Jim Rogers: Investment Insights and 2016 Outlook

There are but a few brilliant investment gurus today who actually prove their expertise with actual solid gains on their investment portfolios.  However, Jim Rogers is a class of his own.  He not only produced stellar gains by putting his money where his mouth is.  He has actually gone as far as relocating his home and his family from a western location to an Asian one because he believes that the US economy is inevitably bound to collapse and he sees the best growth prospects to be in China.  Rogers sold his New York Mansion for 16 million USD and transferred to Singapore in 2007, particularly so that his two daughters could learn to speak Mandarin. He believes that if it was a smart move to relocate to New York in 1907, it was also a smart move to relocate to Asia in 2007.Now if that’s not proof of conviction, I don’t know what is.

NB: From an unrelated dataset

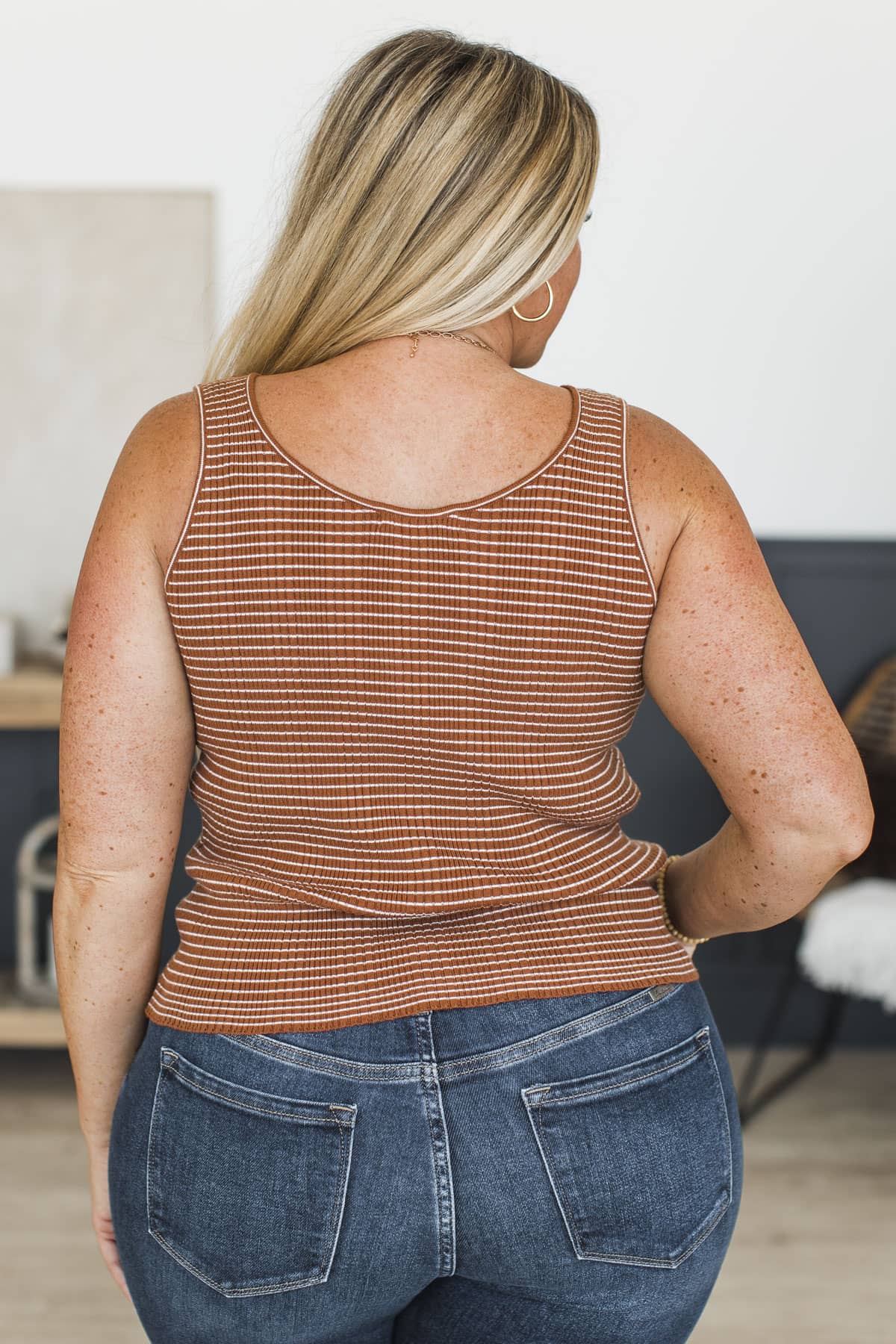 Sweet Like Home Striped Henley Tank Top- Copper - Image 8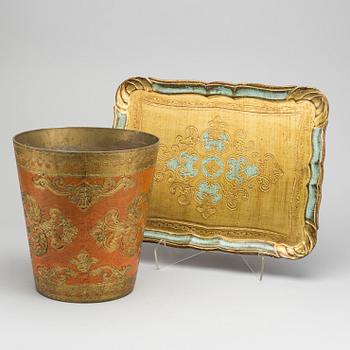 A serving tray and a waste basket, marked Florence Italy, late 20th century,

In 1970, Jim Rogers, then aged 28, worked in an investment bank together with George Soros.  Then in 1973, the two left the investment bank and co-founded their own hedge fund called Quantum Fund.  Quantum Fund put its money in international investments and was able to generate an astounding 4200% over ten years from 1970 to 1980. In contrast, the S&P gained only 47% for the same time period.  With his gains, Jim Rogers decided to retire and focused on managing his personal investments.  Now with more time in his hands, Jim Rogers motorcycled around the world, doing investment studies on each country he visited.

Jim Rogers has provided many investors a rich wellspring of investment insights, drawing from his many successes and experiences.  Unlike George Soros who finds it difficult to verbalize his investment processes, Jim Rogers is a wonderful communicator and has written a lot about his investment ideas.  More than just ideas, he actually acts on what he is convinced of and immerses himself in cultures and localities across the globe in his search for the best international investments.

Some of his famous investment insights include the following:

“Most successful investors…do nothing most of the time.”Rogers once mentioned that brokers don’t like him that much because he rarely trades and holds on to his investments for years.  Brokers only earn a commission when you buy or sell.  The individual investor can do well to take heed of this.  At times, some investors will be monitoring the markets on a day-to-day basis and actually be overtrading.  Overtrading leads to higher brokers’ fees and commission expenses which eat up investment capital. Focusing too much on the short term fluctuations can also cause unnecessary panic or stress and lead to an investor getting caught in whipsaws and bull traps.

“On Wall Street… there’s no truer adage than ‘markets can stay irrational longer than you can stay solvent’” Rogers shorted a few companies in the 1970s and went broke because of his trades.  The prices of those companies did eventually crash in two to three years, but not after Rogers had to cover his shorts.  It was then that Rogers realized that you could be smart and still end up broke.  Investors must realize that the markets don’t always follow a rational path.  Fundamentally, market prices depend on how much people are willing to pay for something – and this in turn is affected by human psychology and perception – emotions of greed and fear – which more often than not are irrational.  Just relying on fundamentals, numbers and charts, an investor can predict a likely outcome.  But the market will not go on a straight path towards that outcome.  Without staying power, even Jim Rogers couldn’t wait for the markets to gain rationality.

As for his investment outlook, Jim Rogers still believes that the world economy as a whole is bound to get into bigger trouble this time. He says he is laying low in his investment activities for now as he foresees another global crisis to happen (instigated by the US’ unbridled spending and soaring debt).   He shorted junk bonds in 2015 and is still bullish on agriculture.  Despite his pessimistic outlook on the US economy, he is actually betting on the US dollar to increase in value in view of a global currency crisis he sees forthcoming.   According to Rogers, the world still currently views the US Dollar as safe haven and thus he holds a lot of US dollar investments. Rogers isn’t buying gold yet but believes there will be a buying opportunity in the next two years or so.